Thursday, March 24, 2011

#9 Copyright Catastrophe


     In the introduction to Lawrence Lessig’s book, Remix, he points how incredibly absurd and “out of date” copyright laws are and how companies today are able to take credit for what they had a hand in creating. Lessig shows this in a very real way and goes into an example of how that type of authority presses charges in the places that sell Girl Talk music but not pursue Girl Talk himself. If Girl Talk was prosecuted by the vast amount of artists whose work he has used it would be taking away from the creativity of what he made those songs into the art that he creates. Doc Adam touched on this by saying that no song is original in its self.  Lessig gives one last example of how one of those ‘groups’ went after a mother that created a homemade video and posted it to the internet which was obviously made for her child. The prosecution ended up costing the ‘group’ more than what it was worth to prosecute the women. Another example of how things are getting out of hand with copyright laws and how companies are dealing with them in a ridiculous way.

RW (Read/Write) - ordinary citizens “read” their culture by listening to it or by reading representations of it...add to the culture they read by creating and re-creating the culture around them. They do this by using the same tools the professional uses...” (28).

RO (Read/Only) - “a culture less practiced in performance, or amateur creativity, and more comfortable (think: couch) with simple consumption” (28).

     The simple difference between these two is that one (RO) is just for experiencing and not changing or expanding on what that thing may be. The other (RW) is out there for people to experience and have the ability to put their own twist and creativity into to make something new and original. The reason Lessig brings this up is because it is basically the bulk of what he is talking about. They are two underlying labels that are put onto songs, etc. that say just listen to it, or listen to it and play around with it and see what best works for your, the viewers, personal taste and creativity.

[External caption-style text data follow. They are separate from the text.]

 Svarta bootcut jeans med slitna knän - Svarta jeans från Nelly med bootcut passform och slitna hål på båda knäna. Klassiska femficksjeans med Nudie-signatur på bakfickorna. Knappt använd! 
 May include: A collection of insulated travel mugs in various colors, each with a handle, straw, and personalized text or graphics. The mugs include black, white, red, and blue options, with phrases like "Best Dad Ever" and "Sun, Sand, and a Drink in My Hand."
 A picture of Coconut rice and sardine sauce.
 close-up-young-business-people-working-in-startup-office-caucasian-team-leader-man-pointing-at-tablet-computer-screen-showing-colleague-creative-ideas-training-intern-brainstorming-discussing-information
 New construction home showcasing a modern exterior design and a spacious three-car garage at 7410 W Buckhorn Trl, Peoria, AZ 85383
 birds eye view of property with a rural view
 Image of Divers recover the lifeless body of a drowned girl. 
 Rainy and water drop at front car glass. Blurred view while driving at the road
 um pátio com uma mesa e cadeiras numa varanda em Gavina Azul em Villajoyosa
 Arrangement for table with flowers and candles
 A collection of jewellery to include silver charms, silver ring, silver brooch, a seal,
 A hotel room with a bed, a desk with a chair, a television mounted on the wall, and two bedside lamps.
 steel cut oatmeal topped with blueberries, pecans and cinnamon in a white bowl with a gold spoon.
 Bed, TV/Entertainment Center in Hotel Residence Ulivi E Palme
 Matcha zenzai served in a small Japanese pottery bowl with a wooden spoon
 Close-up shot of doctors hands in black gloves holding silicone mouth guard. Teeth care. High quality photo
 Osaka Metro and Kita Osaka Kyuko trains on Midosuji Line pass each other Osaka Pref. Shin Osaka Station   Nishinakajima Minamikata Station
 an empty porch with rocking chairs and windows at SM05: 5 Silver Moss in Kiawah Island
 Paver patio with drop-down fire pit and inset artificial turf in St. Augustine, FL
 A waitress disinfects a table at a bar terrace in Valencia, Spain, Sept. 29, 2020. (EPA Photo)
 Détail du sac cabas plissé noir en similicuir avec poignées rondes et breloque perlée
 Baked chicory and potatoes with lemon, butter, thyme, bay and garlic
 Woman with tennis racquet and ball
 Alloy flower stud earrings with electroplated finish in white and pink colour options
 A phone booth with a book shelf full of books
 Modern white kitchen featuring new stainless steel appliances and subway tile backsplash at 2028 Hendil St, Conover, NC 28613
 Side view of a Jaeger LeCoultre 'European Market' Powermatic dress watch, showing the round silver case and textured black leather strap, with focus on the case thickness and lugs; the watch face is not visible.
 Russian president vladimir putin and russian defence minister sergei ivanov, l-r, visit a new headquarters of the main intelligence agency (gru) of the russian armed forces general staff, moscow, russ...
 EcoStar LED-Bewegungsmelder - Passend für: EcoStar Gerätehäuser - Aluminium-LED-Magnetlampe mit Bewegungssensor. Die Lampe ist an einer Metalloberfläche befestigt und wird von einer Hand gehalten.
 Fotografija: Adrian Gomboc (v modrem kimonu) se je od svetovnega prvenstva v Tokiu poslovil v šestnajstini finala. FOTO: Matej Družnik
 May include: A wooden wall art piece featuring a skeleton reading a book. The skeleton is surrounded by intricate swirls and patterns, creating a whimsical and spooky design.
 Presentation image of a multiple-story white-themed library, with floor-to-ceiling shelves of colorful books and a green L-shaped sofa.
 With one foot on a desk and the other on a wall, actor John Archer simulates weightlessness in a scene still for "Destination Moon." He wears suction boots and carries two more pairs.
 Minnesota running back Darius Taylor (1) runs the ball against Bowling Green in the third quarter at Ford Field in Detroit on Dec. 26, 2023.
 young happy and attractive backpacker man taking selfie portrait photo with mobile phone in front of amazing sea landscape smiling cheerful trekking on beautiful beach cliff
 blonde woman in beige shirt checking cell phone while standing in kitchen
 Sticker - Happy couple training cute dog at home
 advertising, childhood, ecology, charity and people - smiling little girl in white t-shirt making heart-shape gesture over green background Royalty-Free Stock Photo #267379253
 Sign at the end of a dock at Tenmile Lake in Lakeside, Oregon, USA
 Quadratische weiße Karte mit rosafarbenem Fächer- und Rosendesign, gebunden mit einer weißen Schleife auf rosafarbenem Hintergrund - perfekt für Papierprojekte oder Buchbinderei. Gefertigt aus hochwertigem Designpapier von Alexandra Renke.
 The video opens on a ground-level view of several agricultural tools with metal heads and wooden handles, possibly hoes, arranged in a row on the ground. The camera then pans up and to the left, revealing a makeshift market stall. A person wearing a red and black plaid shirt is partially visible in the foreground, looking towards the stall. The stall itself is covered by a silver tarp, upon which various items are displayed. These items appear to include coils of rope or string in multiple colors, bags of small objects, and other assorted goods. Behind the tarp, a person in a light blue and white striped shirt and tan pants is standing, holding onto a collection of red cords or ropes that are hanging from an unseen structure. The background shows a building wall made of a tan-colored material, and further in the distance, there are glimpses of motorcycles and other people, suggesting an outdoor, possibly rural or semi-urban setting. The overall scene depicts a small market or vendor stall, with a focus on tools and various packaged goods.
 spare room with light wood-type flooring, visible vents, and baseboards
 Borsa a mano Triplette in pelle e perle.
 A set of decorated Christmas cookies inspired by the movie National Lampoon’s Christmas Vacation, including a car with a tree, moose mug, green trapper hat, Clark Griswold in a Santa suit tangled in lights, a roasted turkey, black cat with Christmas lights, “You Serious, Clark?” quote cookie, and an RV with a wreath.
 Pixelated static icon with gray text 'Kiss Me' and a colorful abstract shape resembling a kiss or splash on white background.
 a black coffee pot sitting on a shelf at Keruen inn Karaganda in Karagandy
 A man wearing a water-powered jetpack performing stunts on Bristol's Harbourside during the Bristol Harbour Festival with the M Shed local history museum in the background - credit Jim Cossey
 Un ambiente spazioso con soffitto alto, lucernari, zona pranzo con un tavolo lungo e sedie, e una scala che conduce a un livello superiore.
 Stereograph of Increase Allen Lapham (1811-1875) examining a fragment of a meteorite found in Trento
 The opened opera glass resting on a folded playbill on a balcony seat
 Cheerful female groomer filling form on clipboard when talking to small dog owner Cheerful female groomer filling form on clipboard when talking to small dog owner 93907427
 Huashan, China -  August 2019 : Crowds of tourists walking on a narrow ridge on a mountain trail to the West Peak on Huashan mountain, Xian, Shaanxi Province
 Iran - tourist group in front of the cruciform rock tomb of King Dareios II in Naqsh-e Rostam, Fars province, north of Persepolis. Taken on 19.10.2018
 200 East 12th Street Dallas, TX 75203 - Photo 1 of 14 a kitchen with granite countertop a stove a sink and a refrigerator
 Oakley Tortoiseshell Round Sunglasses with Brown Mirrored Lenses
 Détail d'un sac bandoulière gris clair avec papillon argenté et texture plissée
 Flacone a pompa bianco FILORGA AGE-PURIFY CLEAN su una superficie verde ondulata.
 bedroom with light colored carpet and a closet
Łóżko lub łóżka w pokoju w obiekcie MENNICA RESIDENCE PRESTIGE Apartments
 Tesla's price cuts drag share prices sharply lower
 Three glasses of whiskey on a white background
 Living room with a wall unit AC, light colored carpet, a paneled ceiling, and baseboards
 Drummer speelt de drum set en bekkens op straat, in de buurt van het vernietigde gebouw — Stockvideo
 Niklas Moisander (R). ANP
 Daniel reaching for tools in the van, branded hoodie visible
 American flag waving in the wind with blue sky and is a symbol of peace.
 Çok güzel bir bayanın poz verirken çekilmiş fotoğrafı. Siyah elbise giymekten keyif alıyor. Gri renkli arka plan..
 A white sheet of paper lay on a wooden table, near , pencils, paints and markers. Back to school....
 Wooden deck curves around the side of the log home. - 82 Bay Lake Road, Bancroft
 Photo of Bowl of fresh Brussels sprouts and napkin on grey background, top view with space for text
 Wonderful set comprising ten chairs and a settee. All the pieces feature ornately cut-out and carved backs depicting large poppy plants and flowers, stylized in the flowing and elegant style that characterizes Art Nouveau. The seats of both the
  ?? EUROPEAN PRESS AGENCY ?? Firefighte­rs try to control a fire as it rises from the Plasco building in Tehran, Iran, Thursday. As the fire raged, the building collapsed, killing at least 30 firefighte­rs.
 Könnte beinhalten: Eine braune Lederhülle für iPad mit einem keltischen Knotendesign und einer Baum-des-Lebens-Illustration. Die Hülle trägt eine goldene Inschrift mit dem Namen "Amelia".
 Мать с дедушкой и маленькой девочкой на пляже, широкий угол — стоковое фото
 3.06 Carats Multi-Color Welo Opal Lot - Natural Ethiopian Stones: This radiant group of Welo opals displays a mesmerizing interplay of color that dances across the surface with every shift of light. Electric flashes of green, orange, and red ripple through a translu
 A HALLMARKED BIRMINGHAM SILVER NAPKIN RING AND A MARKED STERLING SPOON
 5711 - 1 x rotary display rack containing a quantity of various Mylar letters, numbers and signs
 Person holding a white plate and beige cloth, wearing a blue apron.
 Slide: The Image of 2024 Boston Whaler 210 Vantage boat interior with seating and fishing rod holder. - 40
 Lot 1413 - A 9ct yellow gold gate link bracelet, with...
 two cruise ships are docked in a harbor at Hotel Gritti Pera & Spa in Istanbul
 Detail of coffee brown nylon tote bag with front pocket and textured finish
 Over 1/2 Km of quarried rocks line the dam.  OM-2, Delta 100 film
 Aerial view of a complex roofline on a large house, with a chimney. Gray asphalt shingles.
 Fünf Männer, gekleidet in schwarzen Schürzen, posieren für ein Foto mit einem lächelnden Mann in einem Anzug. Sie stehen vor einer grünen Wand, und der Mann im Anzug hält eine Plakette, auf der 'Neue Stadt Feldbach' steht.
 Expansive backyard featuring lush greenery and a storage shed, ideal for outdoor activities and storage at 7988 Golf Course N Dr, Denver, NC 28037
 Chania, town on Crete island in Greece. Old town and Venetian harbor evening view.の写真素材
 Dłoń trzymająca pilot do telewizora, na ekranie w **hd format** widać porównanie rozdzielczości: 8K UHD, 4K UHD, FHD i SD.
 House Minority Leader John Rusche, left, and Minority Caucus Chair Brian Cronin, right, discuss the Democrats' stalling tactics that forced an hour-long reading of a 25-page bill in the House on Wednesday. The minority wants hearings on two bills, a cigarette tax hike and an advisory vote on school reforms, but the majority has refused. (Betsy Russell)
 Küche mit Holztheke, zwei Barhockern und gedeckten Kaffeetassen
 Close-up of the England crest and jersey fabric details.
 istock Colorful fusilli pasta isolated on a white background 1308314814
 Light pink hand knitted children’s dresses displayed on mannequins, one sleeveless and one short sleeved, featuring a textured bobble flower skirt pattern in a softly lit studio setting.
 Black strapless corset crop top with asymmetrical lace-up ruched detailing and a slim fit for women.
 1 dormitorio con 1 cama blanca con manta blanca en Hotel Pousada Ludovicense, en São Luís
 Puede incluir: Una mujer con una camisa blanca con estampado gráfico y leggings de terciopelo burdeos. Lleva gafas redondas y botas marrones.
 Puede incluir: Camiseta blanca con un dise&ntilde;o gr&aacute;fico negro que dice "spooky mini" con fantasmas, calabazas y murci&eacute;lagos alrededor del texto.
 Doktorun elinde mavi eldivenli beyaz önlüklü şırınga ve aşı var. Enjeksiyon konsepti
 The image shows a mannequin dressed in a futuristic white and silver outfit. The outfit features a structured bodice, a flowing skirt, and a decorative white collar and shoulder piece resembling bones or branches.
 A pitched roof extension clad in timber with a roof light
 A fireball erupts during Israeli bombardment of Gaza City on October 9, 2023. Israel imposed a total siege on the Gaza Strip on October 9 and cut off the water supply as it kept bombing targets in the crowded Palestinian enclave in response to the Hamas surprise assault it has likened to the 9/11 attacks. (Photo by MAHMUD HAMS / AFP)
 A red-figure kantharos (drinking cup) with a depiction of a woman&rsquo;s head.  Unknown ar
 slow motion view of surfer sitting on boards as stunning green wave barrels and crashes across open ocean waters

     Lessig uses Sousa because of Sousa’s own battle against copying music back in 1906.  Sousa was a critic of copyright law in America and we was also a proclaimed composer who made a good chunk of change being a composer with copyrights on his work.  He had an insight that the voice of machines would be the downfall to music as we know it. His point was that people would eventually live in a RO culture, people would be able to listen, but not expand on the subject and participate in its entirety. Sousa is a good person for Lessig to bring up because of what he had to say about the copyright problems and what he has done for them.

1 comment:

  1. Nice summary and a good use of Lessig references to back up your points. The Sousa point could be a bit more nuanced, but you're totally on the right track. Thanks.